Jefferson Davis, the embattled president of the Confederacy is still thought to haunt many of the places he stayed.
Jefferson Davis, the embattled president of the Confederacy is still thought to haunt many of the places he stayed.

 

In the pantheon of the Lost Cause myth, Jefferson Davis has never figured very large. Lord knows his small but loyal following has tried, but the truth is, compared to Lee, Stuart and Stonewall, old Jeffie has never been a terribly sympathetic figure.  Suspicious of his generals, opinionated, prone to cronyism, holder of grudges and a whole host of other less than noble traits, Confederate sainthood has always been a hard sell for him.  Not that one can’t make a case for Davis as a leader: Jeff Davis had to contend with egotistical generals, petty politicians and innumerable problems with shortages of military supplies, manpower and money, and given the many limitations he faced, one could argue he handled them better than any other Southern leader would have.

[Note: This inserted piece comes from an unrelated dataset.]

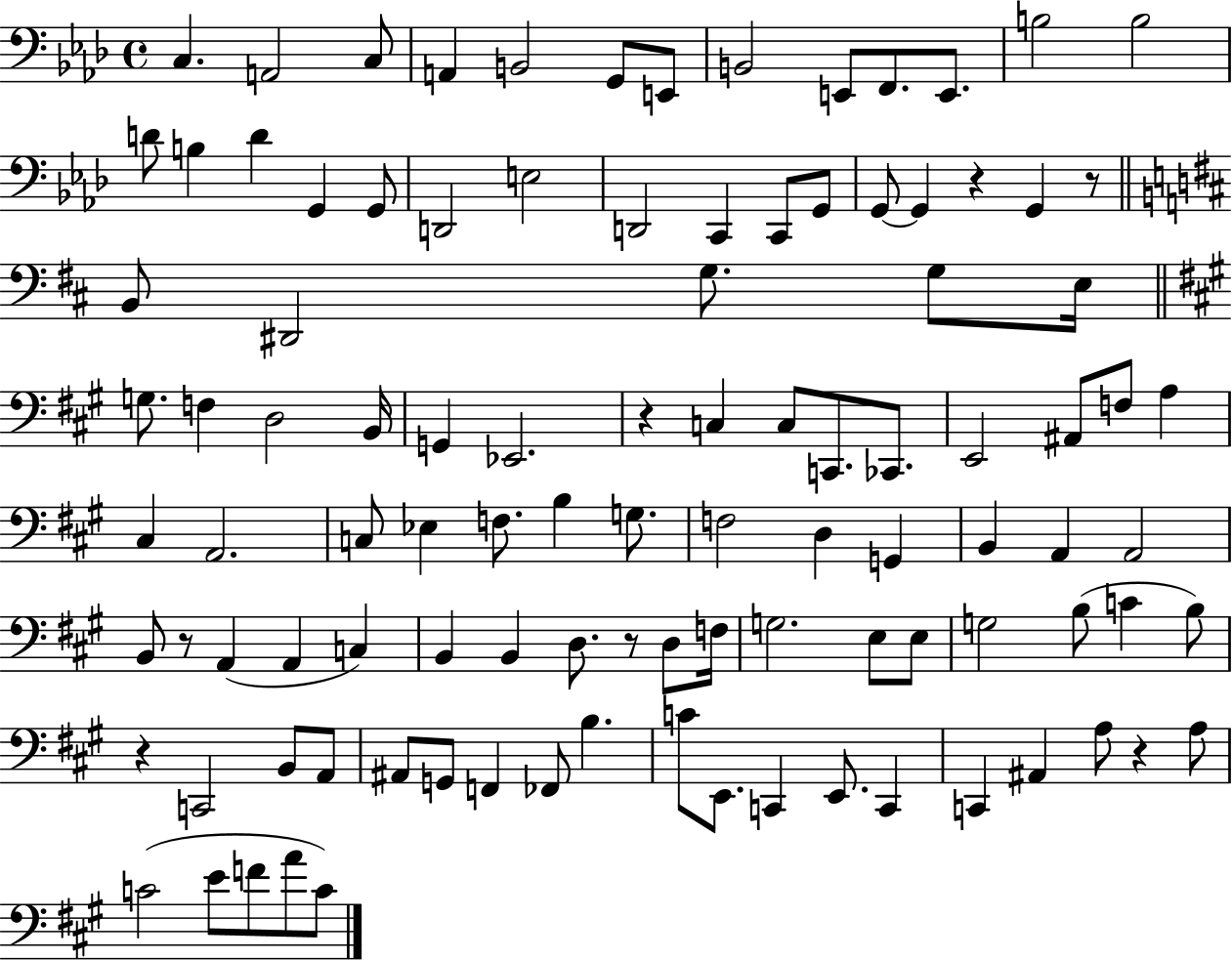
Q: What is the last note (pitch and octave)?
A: C4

Fort Monroe as it looked during the war.  After the war it became Jefferson Davis' Bastille.
Fort Monroe as it looked during the war. After the war it became Jefferson Davis’ Bastille

Then, when the end came for the Confederacy, virtually alone among all Southern leaders—including many who had fomented Secession far more aggressively than he—Davis was thrown in a dungeon to rot for several years, ostensibly to await trial for treason. Davis probably would have loved to have been put on trial; it would have given him a forum to argue that secession was legal and constitutional and that he had done nothing wrong.  This was exactly why the Federal authorities did not bring Davis to trial—not even under a military tribunal.  After spending four years and hundreds of thousands of lives to suppress the rebellion, the last thing anyone in the North wanted was to reopen the whole issue of states rights and secession, even in a show trial.

Jefferson Davis in durance vile.  Casemate No. 2.  Note the shackles.
Jefferson Davis in durance vile. Casemate No. 2. Note the shackles.

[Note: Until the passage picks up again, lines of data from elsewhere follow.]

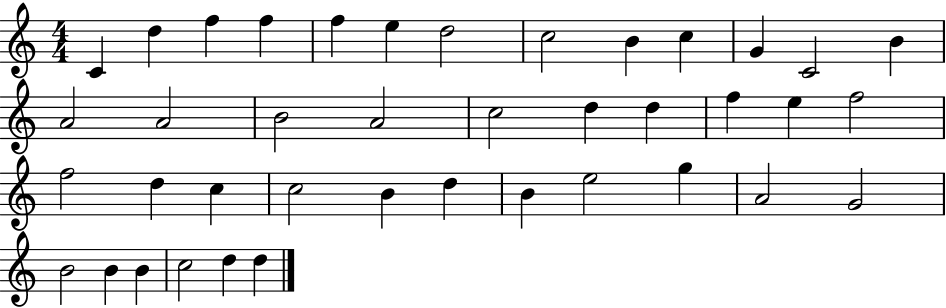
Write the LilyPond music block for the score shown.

{
  \clef treble
  \numericTimeSignature
  \time 4/4
  \key c \major
  c'4 d''4 f''4 f''4 | f''4 e''4 d''2 | c''2 b'4 c''4 | g'4 c'2 b'4 | \break a'2 a'2 | b'2 a'2 | c''2 d''4 d''4 | f''4 e''4 f''2 | \break f''2 d''4 c''4 | c''2 b'4 d''4 | b'4 e''2 g''4 | a'2 g'2 | \break b'2 b'4 b'4 | c''2 d''4 d''4 | \bar "|."
}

Davis remained in a casemate cell in Fort Monroe for several years after his capture.  His devoted wife Lavinia pleaded her husband’s case to whoever would listen, even to the Pope in Rome.  Eventually old Jeffie was set free and he retired to the Gulf Coast to write his memoirs and argue to the world that he was right all along and everyone else wrong.  If he weren’t so unsympathetic a character, one could well regard him as a tragic figure.

As it is, however, while Jefferson Davis was less than successful in life, in death he has succeeded admirably as a first class ghost. Moreover, a number of places where he once resided are widely known to be haunted.

Fort Monroe is technically in Virginia, but all through the war it was securely in Union hands and in fact is still an active army base.  It was here that Davis was confined after his capture, kept in shackles twenty-four hours a day in Casemate No.2.  Oddly, Jefferson Davis’ ghost has not been reported there but on the citadel’s ramparts, called the Terraplain.  On a moonlit night one may see the gaunt figure wandering beneath the flagpole that sits atop the walls, pacing to and fro, wishing to be free.  His wife, Varina, also haunts the old fort, in an apartment provided for her on the fortresses grounds.  The windows in that apartment have been known to rattle all of their own, the spectre of Varina expressing her frustration at her husband’s incarceration no doubt.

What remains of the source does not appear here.